Electric Delay Lines
Electric delay lines are used for shorter delay times (ns to several µs). They consist of a long electric line or are made of discrete inductors and capacitors, which are arranged in a chain. To shorten the total length of the line it can be wound around a metal tube, getting some more capacitance against ground and also more inductance due to the wire windings, which are lying close together.
Other examples are:
- short coaxial or microstrip lines for phase matching in high frequency circuits or antennas
- hollow resonator lines in magnetrons and klystrons as helices in travelling wave tubes to match the velocity of the electrons to the velocity of the electromagnetic waves
- undulators in free electron lasers
Another way to create a delay time is to implement a delay line in an integrated circuit storage device. This can be done digitally or with a discrete analogue method. The analogue one uses bucket-brigade devices or charge coupled devices (CCD), which transport a stored electric charge stepwise from one end to the other.
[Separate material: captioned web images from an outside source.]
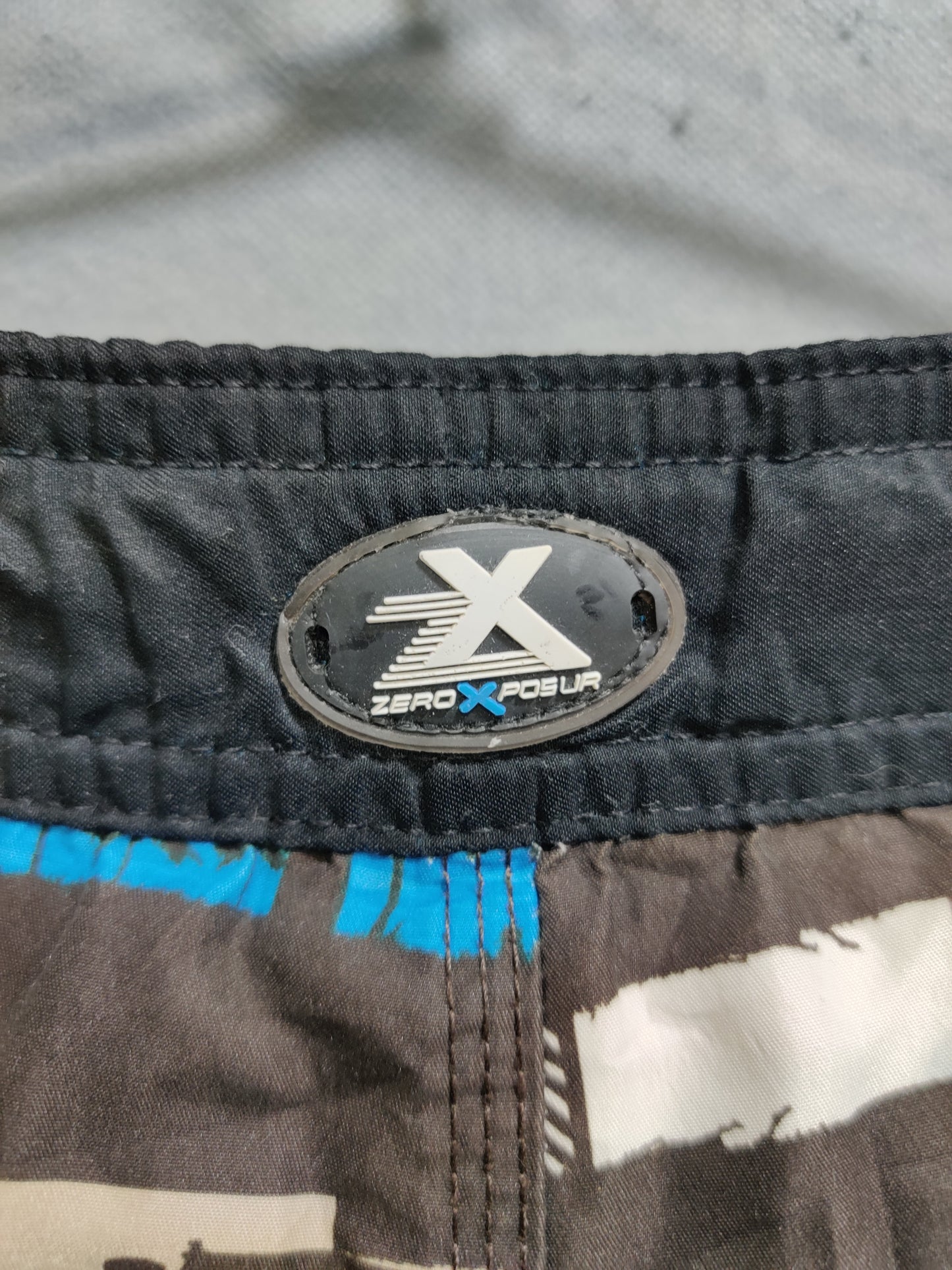 Zeroxposur Brown Polyester Short For Men L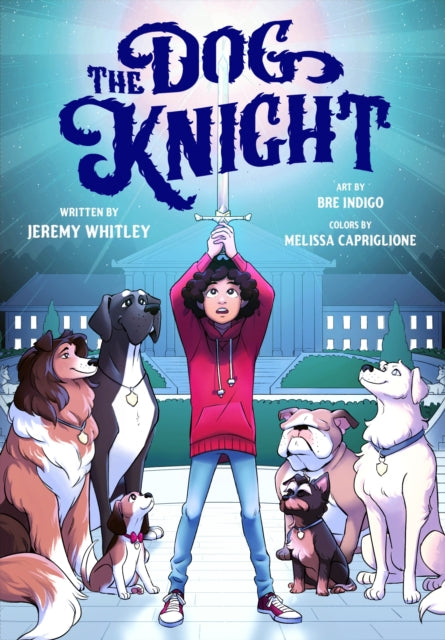 The Dog Knight by Jeremy Whitley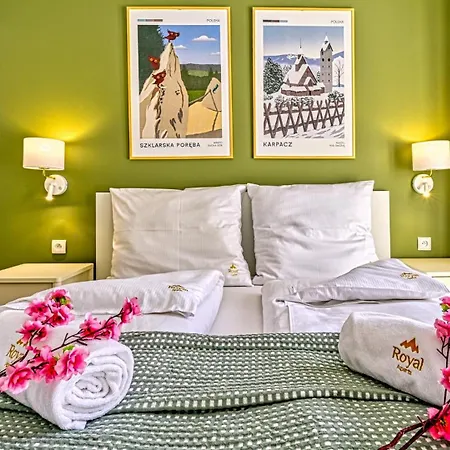 Apartamento Szklarska Village - Z Sauna I Balia W Malowniczej Okolicy Obok Dino Parku - By Royal Aparts *
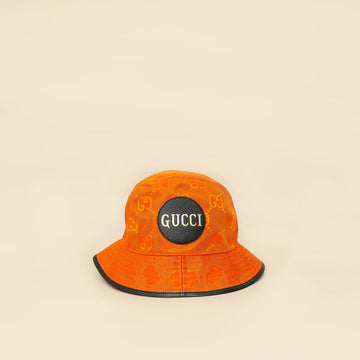 Gucci Bicolor Monogram Off The Grid Bucket Hat
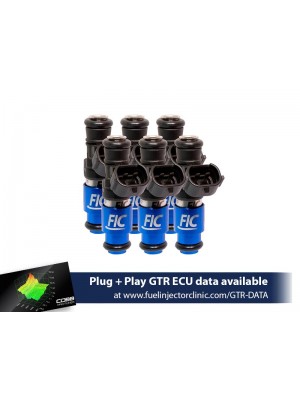 2150CC FIC NISSAN R35 GT-R FUEL INJECTOR CLINIC INJECTOR SET (HIGH-Z)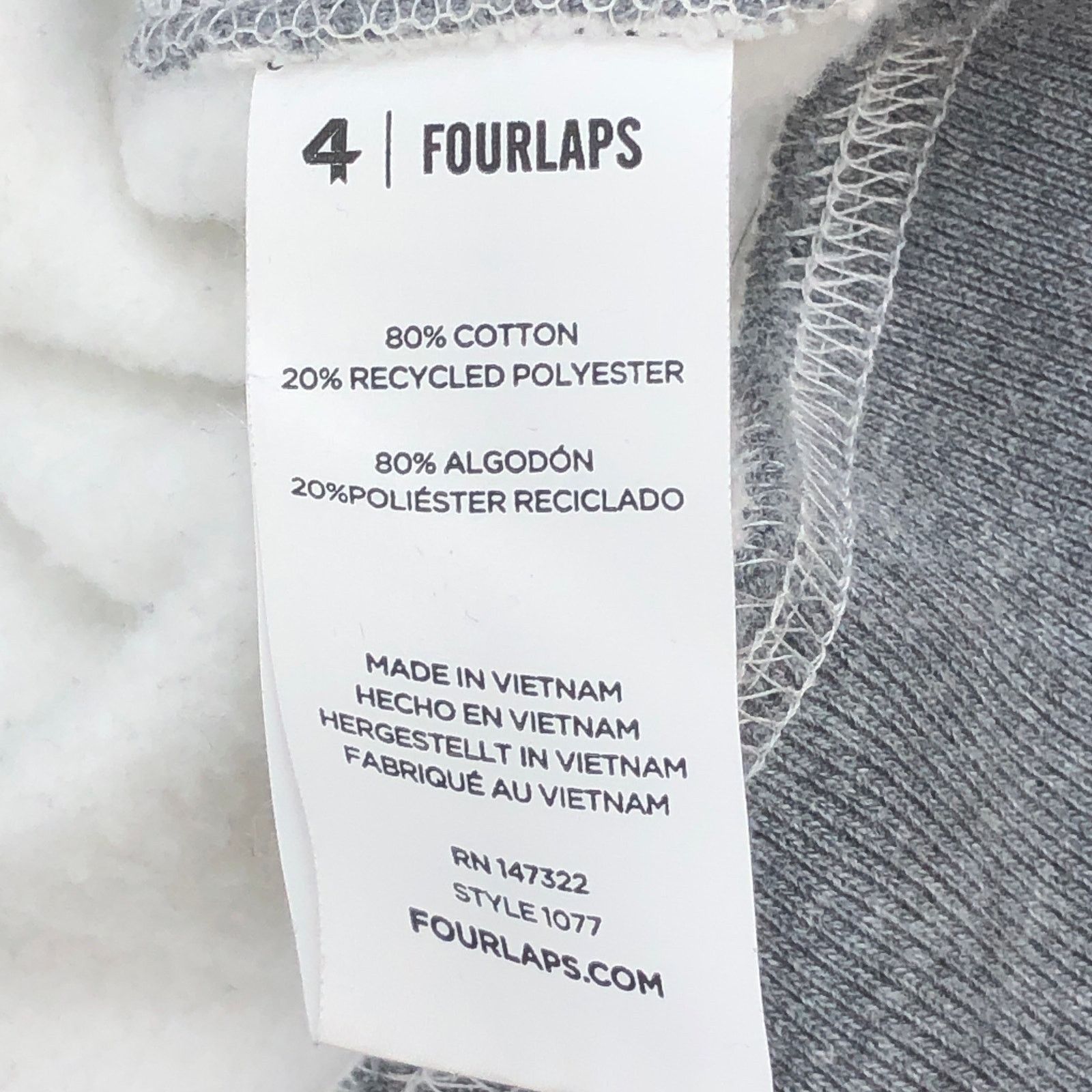 Peloton Fourlaps x Peloton Size L Sweatshirt Zip Kangaroo Pocket Size L / US 10 / IT 46 - 13 Thumbnail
Both digital and analog methods are bandwidth limited at the upper end to the half of the clock frequency, which determines the steps of transportation.
In modern computers operating at gigahertz speeds, millimeter differences in the length of conductors in a parallel data bus can cause data-bit skew, which can lead to data corruption or reduced processing performance. This is remedied by making all conductor paths of similar length, delaying the arrival time for what would otherwise be shorter travel distances by using zig-zagging traces.